Quem diariamente caminha pelas ruas centrais de Passo Fundo passou a observar a presença do amarelo das flores do chá popularmente conhecido como de “Marcela”. Desde o início de março, muitas famílias indígenas se deslocaram para a cidade em busca de uma renda extra com a venda da planta. No entanto, a estiagem que assolou todo o Estado nos últimos meses prejudicou também o desenvolvimento da espécie, afetando tanto quem o comercializa, quanto quem segue a tradição da colheita da macela na Sexta-feira Santa.

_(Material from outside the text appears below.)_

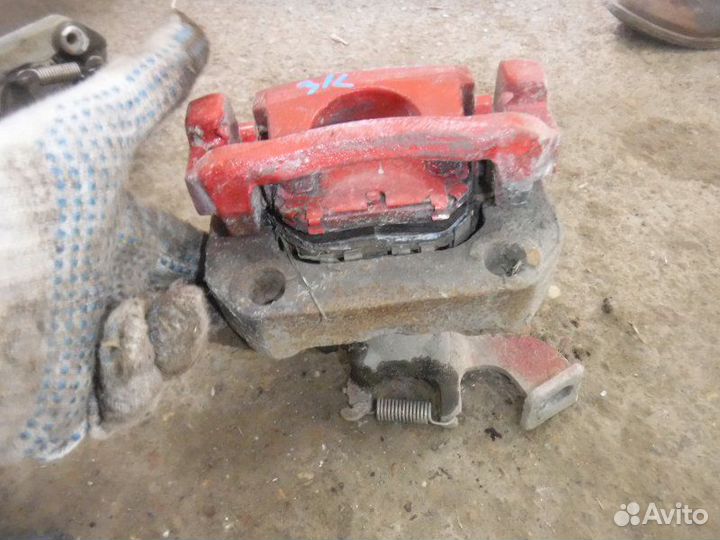 Суппорт задний левый Toyota Corolla 151 1ZR 2011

A indígena Silvandra, da Reserva de Nonoai, tem a colheita e a venda do chá de macela como uma herança de família. Acompanhando seus pais desde criança, agora é a vez dela e da irmã se deslocarem junto aos seus filhos para a cidade. “Desde criança, eu vinha junto com meus pais. Isso vai passando de geração para geração e, conforme as crianças vão crescendo, elas vão aprendendo também”, contou, destacando como a venda se torna um auxílio para pagar as contas. “Ajuda a comprar alimento, pagar a luz e comprar as coisas que nossos filhos precisam”, disse.

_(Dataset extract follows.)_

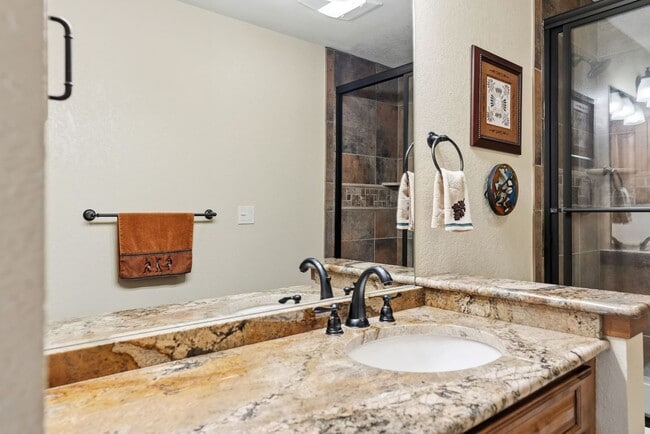 Building Photo - Breck 3-bedroom home with views! 4-6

Apesar da viagem neste período ser comum, essa é a primeira vez, depois de muitos anos, que a família vem para Passo Fundo fazer a comercialização. Em todo período de Páscoa eles se deslocavam de ônibus até Porto Alegre, mas devido à estiagem que o Rio Grande do Sul enfrentou durante o verão 2021/2022, Silvandra explicou que a macela não se desenvolveu em grandes quantidades como em anos anteriores. O cenário que já não era positivo se somou à volta intensa das chuvas no último mês, o que resultou no apodrecimento de muitas das ervas. Assim, com pouco chá, não se tornou vantajoso para a família percorrer uma distância tão grande à capital.

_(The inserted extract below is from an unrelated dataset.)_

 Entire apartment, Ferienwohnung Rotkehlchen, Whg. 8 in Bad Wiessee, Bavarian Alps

Adelso da Silva, morador da Aldeia Nonoai e que vende a macela há mais de trinta anos em Passo Fundo, relembra que para além dos empecilhos de clima enfrentados nesta safra, é necessário se deslocar grandes distâncias para a colheita da planta, já que o ideal é cortar as que nascem dentro do mato pela sua pureza. Silvandra relata que sua família caminhou quase 5 km para achar a macela, o que fez com que levassem comida para se alimentarem enquanto faziam a coleta. “É uma viagem para procurar, porque não deu perto esse ano e deu pouco. Além de longe, deu pouco e aí a gente sofre”, disse.
A Sexta-feira Santa e a tradição da colheita
Enquanto isso, na beira de estrada e campos, uma movimentação logo cedo pode ser observada todos os anos no dia da Sexta-feira Santa. Hoje (15) é celebrada a Sexta-feira Santa e, antes mesmo de o sol ter dado seus primeiros sinais no horizonte, Dilema Calderan Benetti saiu de sua casa no interior de Sananduva em busca dos ramos de macela perfeitos.
A agricultora de 63 anos carrega o costume na Sexta-feira Santa desde que era criança e tinha sua avó viva e como exemplo. Para ela, a colheita vai muito além do chá e dos benefícios que ele traz à saúde, representando a manutenção de uma tradição de seus antepassados. “Colher a macela na Sexta-feira Santa para mim tem um significado muito especial, que é manter viva a tradição e levar adiante o costume para nossos filhos”, contou.
Visão religiosa
Segundo o Padre da Arquidiocese de Passo Fundo, Ari Antônio dos Reis, essa tradição carrega diferentes simbologias relacionadas às ervas a serviço do ser humano, as graças de Deus e ao próprio rito da colheita. Ele explica, inicialmente, que na bíblia é descrito que quando Deus cria todas as coisas, ele cria as ervas do campo em benefício do ser humano. “Compreendemos que essas ervas não tem só a dimensão da alimentação, mas também uma dimensão curativa”, esclareceu.
Acompanhado disso, na época da quaresma, em que se é celebrada a Sexta-feira Santa, a macela fica madura, pronta para colher. “Assim, vai nascendo a tradição da colheita da macela na Sexta-feira Santa, onde é associado a vida e a missão de Jesus, onde eu pego a planta, tomo o chá, mas eu também sei que a cura vai acontecer pela força de Deus”, esclareceu o religioso.
Essa tradição é perpetuada pelo rito de acordar cedo, ir sozinho ou acompanhado de pessoas próximas até o campo, colher a planta, trazê-la para casa e guardá-la. Padre Ari relembra o quão importante isso é, por mais simples que pareça, visto que em muitas comunidades são realizadas celebrações para abençoar as ervas colhidas. “As comunidades também acolhem essa tradição popular, sabendo que nós precisamos buscar essas ervas para resolver nossas dificuldades de saúde”, pontuou, destacando que as ervas acabam sendo duplamente abençoadas.